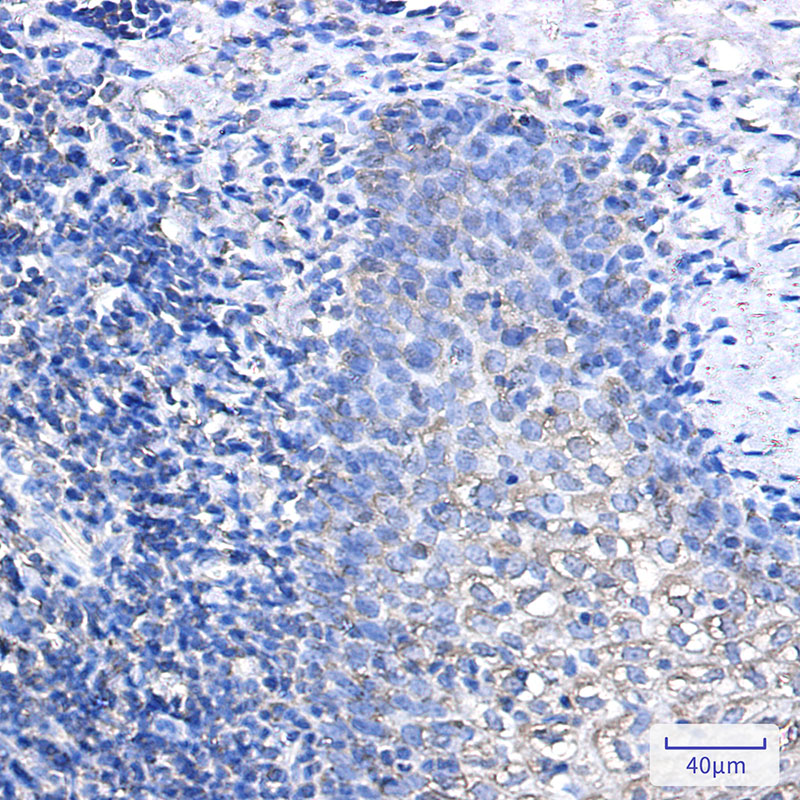 IL-1 Receptor Antagonist Protein Rabbit mAb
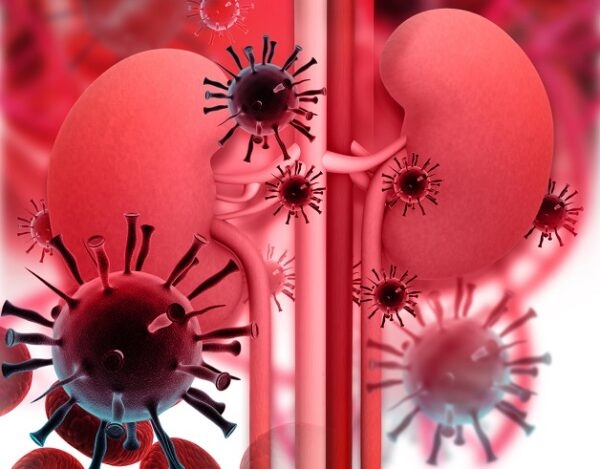 Viêm thận là biến chứng nguy hiểm nhất khi sỏi xuống bàng quang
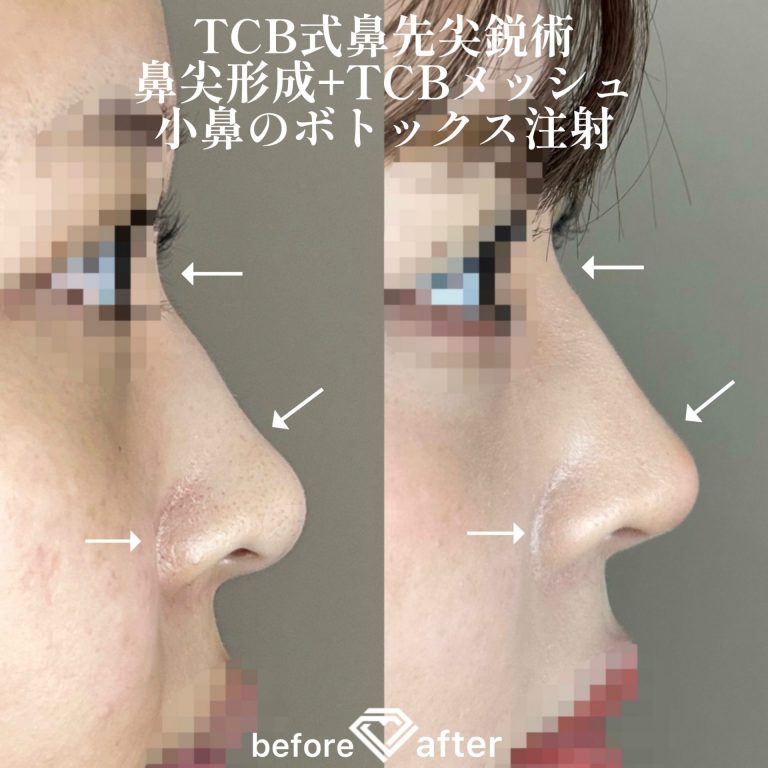 TCB式鼻先尖鋭術（だんご鼻解消）(担当医:森本 理一郎 医師)の症例写真3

================================

Requirement
Ignoring the pictures, write out word for word only the lines from the one containing "Viêm thận là" through the last line of the data, both ends included.

Solution
 Viêm thận là biến chứng nguy hiểm nhất khi sỏi xuống bàng quang
 TCB式鼻先尖鋭術（だんご鼻解消）(担当医:森本 理一郎 医師)の症例写真3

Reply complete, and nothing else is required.